Your objective: Your copy of the data should match it exactly, leaving out only the pictures.

***** Record set

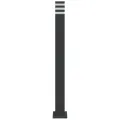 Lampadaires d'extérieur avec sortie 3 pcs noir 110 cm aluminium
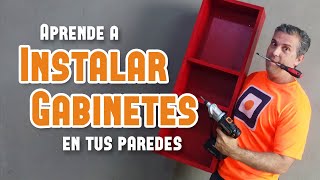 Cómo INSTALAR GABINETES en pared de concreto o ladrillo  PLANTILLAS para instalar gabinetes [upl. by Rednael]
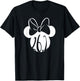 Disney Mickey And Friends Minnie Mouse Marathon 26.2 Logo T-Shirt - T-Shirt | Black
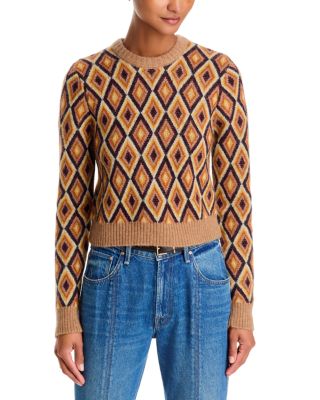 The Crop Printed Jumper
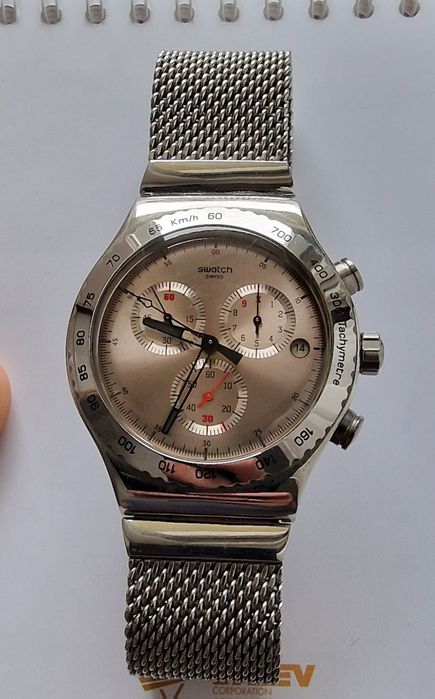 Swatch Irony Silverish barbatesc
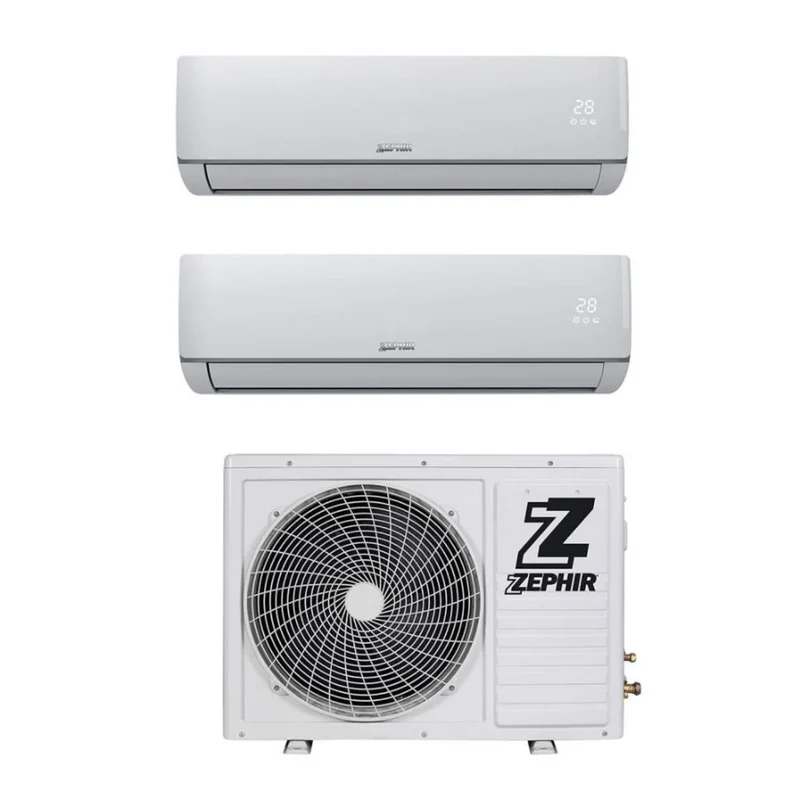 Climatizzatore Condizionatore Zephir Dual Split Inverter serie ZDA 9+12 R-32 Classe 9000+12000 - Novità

**********

Solution to this task:
 Lampadaires d'extérieur avec sortie 3 pcs noir 110 cm aluminium
 Cómo INSTALAR GABINETES en pared de concreto o ladrillo  PLANTILLAS para instalar gabinetes [upl. by Rednael]
 Disney Mickey And Friends Minnie Mouse Marathon 26.2 Logo T-Shirt - T-Shirt | Black
 The Crop Printed Jumper
 Swatch Irony Silverish barbatesc
 Climatizzatore Condizionatore Zephir Dual Split Inverter serie ZDA 9+12 R-32 Classe 9000+12000 - Novità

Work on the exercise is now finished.